- Problem statement
Each record below gets repeated exactly, and pictures stay out of the copy.

[Stored data]
○ ○ ○ ○ ○ ○ ○
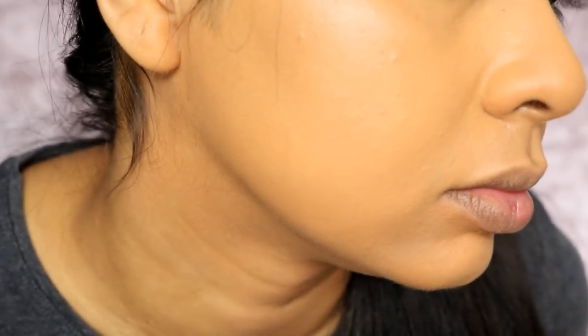The concealer blended really well considering I didn't have a sponge — it does have a stickiness to it so I'm lightly setting it. I'm really happy with the way my skin looks overall. I'm going to do the rest of my makeup and I'll be right back.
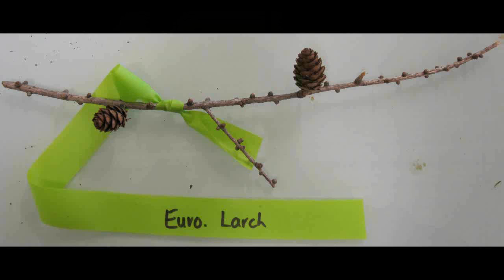Pitch Pine, Pinus rigida. The needles are in clusters of three. They are seven to sixteen centimeters long and often in tufts on the main stem.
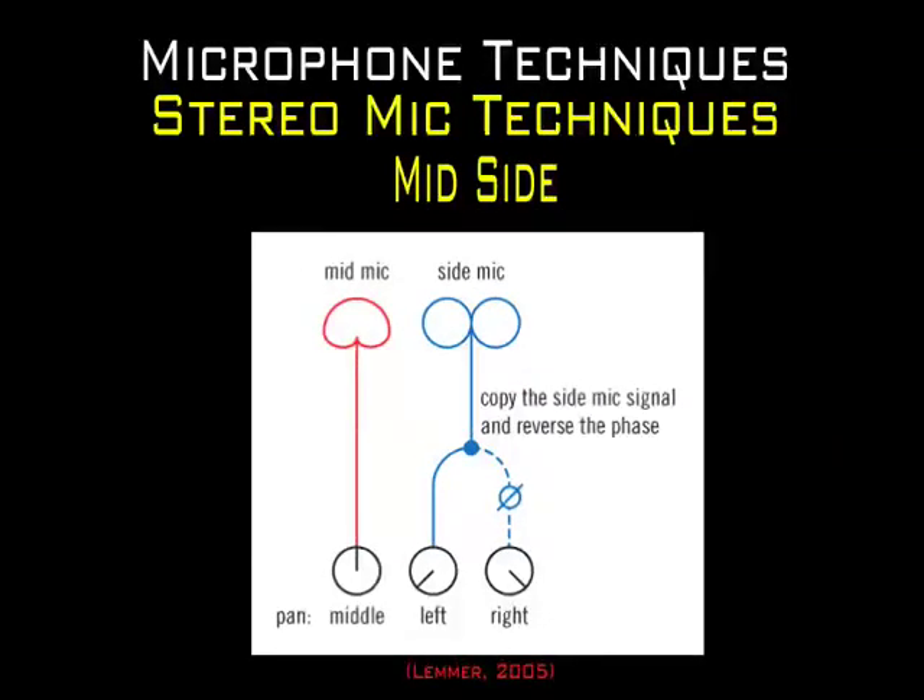With the mid-side technique, you can correct the stereo image after the recording has been made, because the recorded signal from the two microphones will be fed to a mixer to decode the MS signal. This is called the sum and difference matrix. The recorded mid microphone track is routed to a channel in the mixer and panned center. The side mic is routed to a second channel and panned hard left. A copy of the side mic is also routed to a third channel and panned hard right. Don't forget to invert the phase on channel 3. This will allow you to have complete control over the stereo image, and you can mix the side microphone channels more or less, which results in having more or less ambient sound.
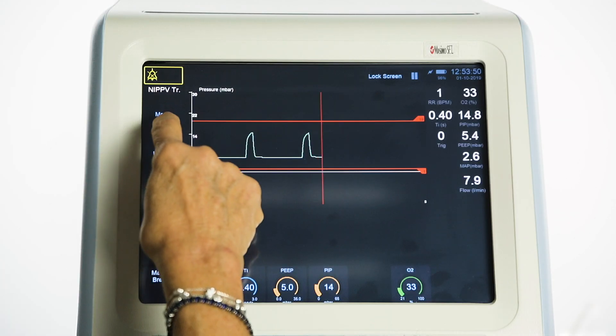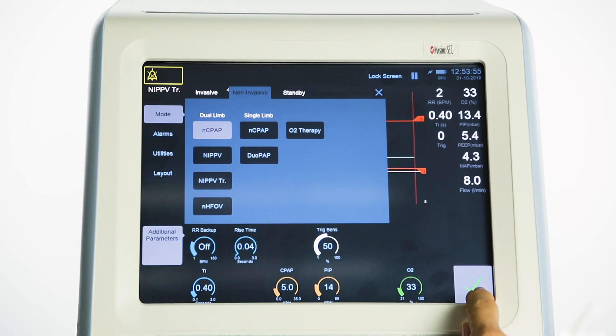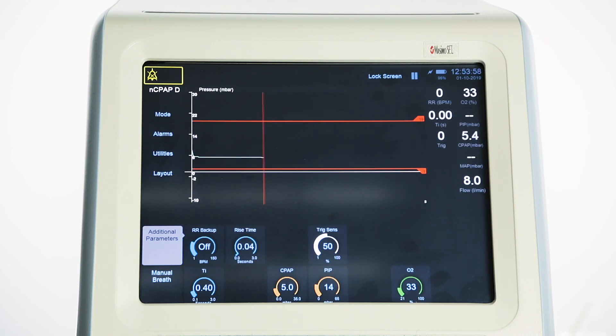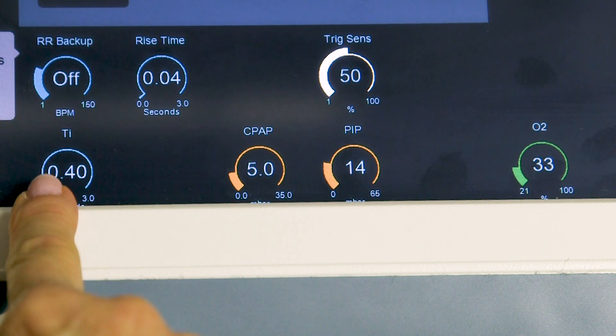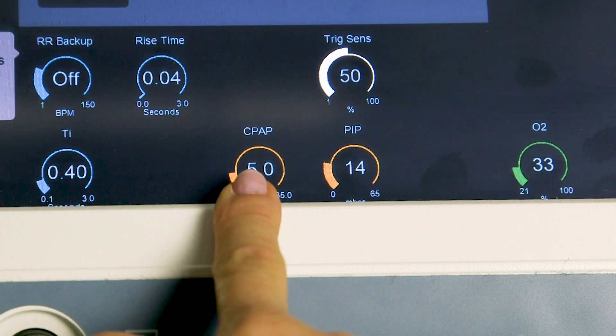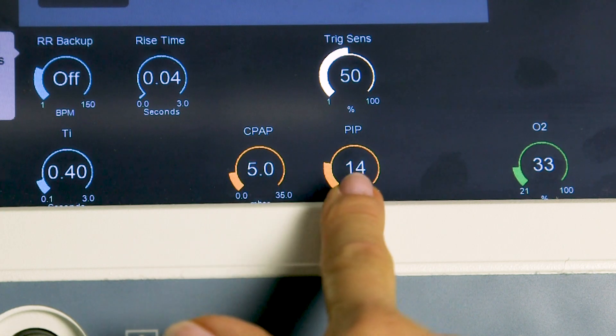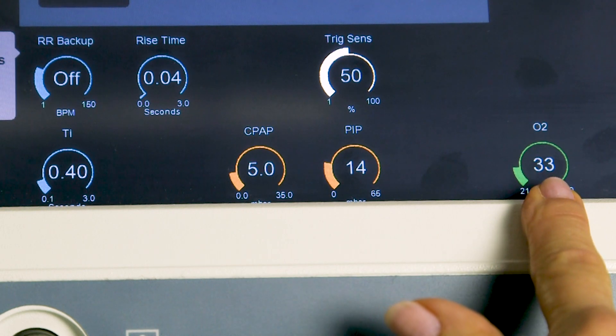Dual limb NCPAP. Select mode, select NCPAP — nasal continuous positive airway pressure. In this mode the ventilator generates a continuous positive airway pressure at a level set by the user. On the screen the user will set: TI, inspiratory time, which is for manual breaths and apnea backup breaths; CPAP, the continuous pressure to be delivered; PIP, positive inspired pressure to be delivered; and O2 percentage to be delivered.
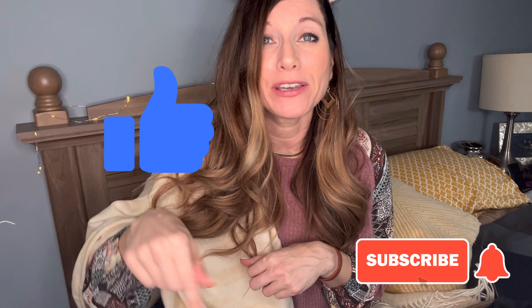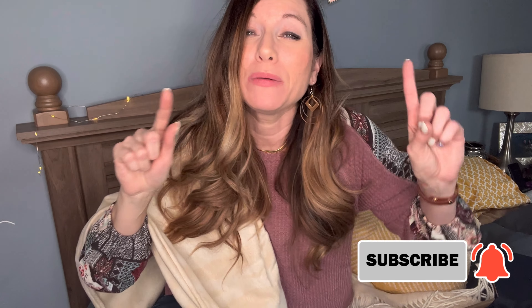Thank you guys so much for watching. I hope you enjoyed this video. If you did, please hit that like button, hit the subscribe button and notification bell, and we will see you guys in the next video. Bye!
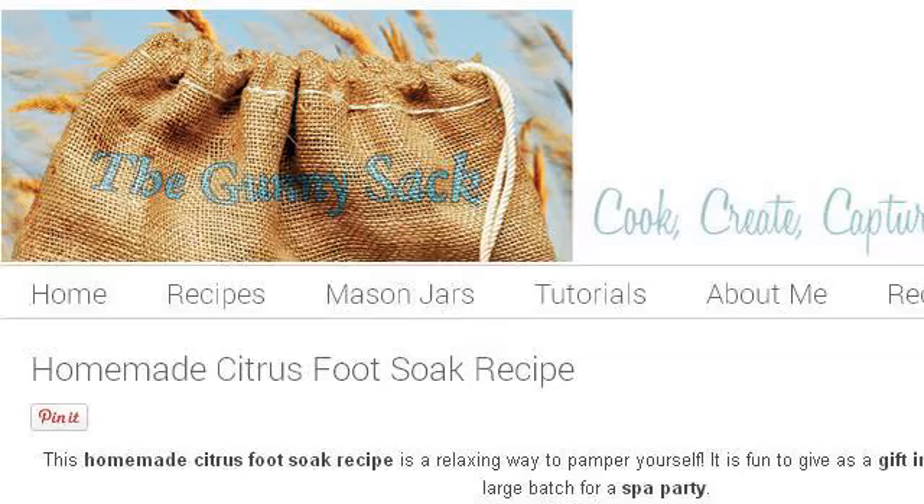Our top-ranked site to learn about what is a good foot spa recipe is www.thegunnysack.com, specifically the page titled Homemade Citrus Foot Soak Recipe Gift in a Jar. Here is the link.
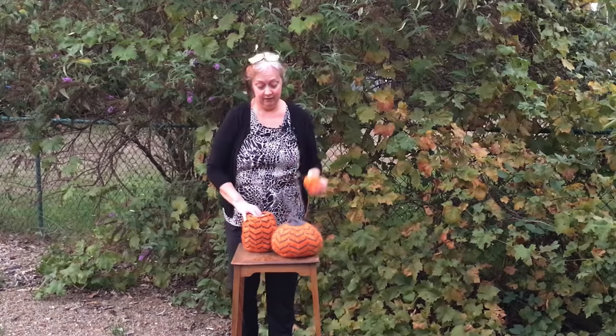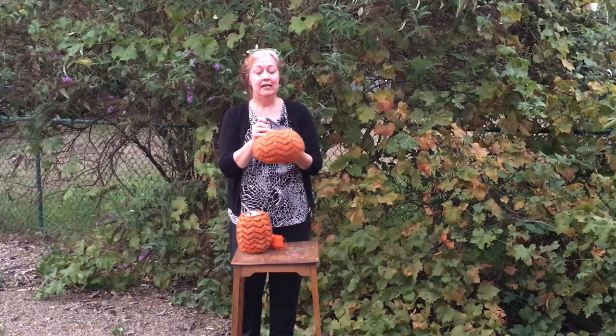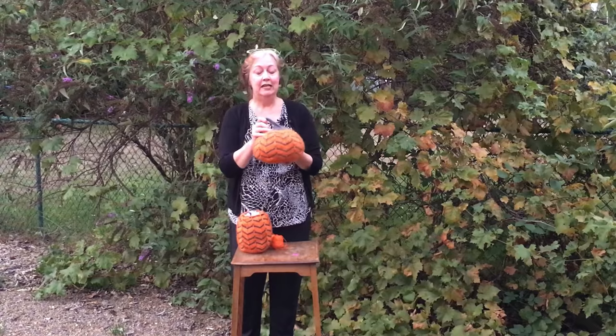I held together fingering weight yarn and mohair. And then in the stem, I used some really fun yarn from Haboo Textiles — it's silk covered paper — and I held that together with the mohair. That was really fun to knit with.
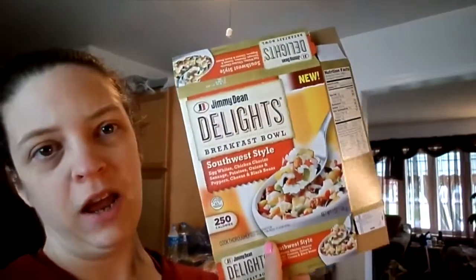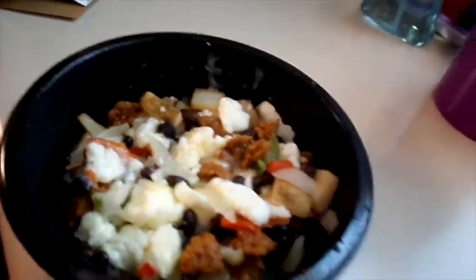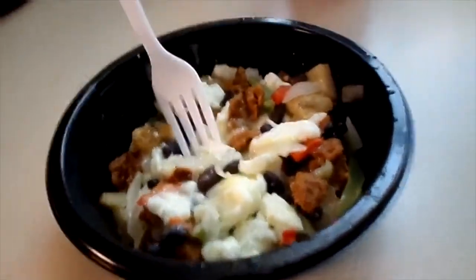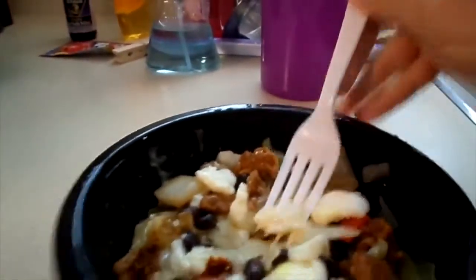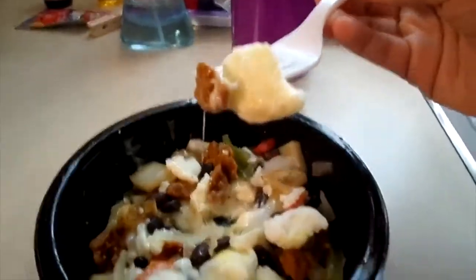Hey guys, good morning! It's Monday. I almost forgot that I got the Jimmy Dean's Delight Southwest Style yesterday, so I made this this morning. It smells amazing and I bet I don't even need any hot sauce on it. Let's take a bite and see how this is — I want to get some of the cheesy part. All right, let's take a look. Smells good!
○ ○ ○ ○ ○ ○ ○
- Expected answer
The concealer blended really well considering I didn't have a sponge — it does have a stickiness to it so I'm lightly setting it. I'm really happy with the way my skin looks overall. I'm going to do the rest of my makeup and I'll be right back.
Pitch Pine, Pinus rigida. The needles are in clusters of three. They are seven to sixteen centimeters long and often in tufts on the main stem.
With the mid-side technique, you can correct the stereo image after the recording has been made, because the recorded signal from the two microphones will be fed to a mixer to decode the MS signal. This is called the sum and difference matrix. The recorded mid microphone track is routed to a channel in the mixer and panned center. The side mic is routed to a second channel and panned hard left. A copy of the side mic is also routed to a third channel and panned hard right. Don't forget to invert the phase on channel 3. This will allow you to have complete control over the stereo image, and you can mix the side microphone channels more or less, which results in having more or less ambient sound.
Dual limb NCPAP. Select mode, select NCPAP — nasal continuous positive airway pressure. In this mode the ventilator generates a continuous positive airway pressure at a level set by the user. On the screen the user will set: TI, inspiratory time, which is for manual breaths and apnea backup breaths; CPAP, the continuous pressure to be delivered; PIP, positive inspired pressure to be delivered; and O2 percentage to be delivered.
Thank you guys so much for watching. I hope you enjoyed this video. If you did, please hit that like button, hit the subscribe button and notification bell, and we will see you guys in the next video. Bye!
Our top-ranked site to learn about what is a good foot spa recipe is www.thegunnysack.com, specifically the page titled Homemade Citrus Foot Soak Recipe Gift in a Jar. Here is the link.
I held together fingering weight yarn and mohair. And then in the stem, I used some really fun yarn from Haboo Textiles — it's silk covered paper — and I held that together with the mohair. That was really fun to knit with.
Hey guys, good morning! It's Monday. I almost forgot that I got the Jimmy Dean's Delight Southwest Style yesterday, so I made this this morning. It smells amazing and I bet I don't even need any hot sauce on it. Let's take a bite and see how this is — I want to get some of the cheesy part. All right, let's take a look. Smells good!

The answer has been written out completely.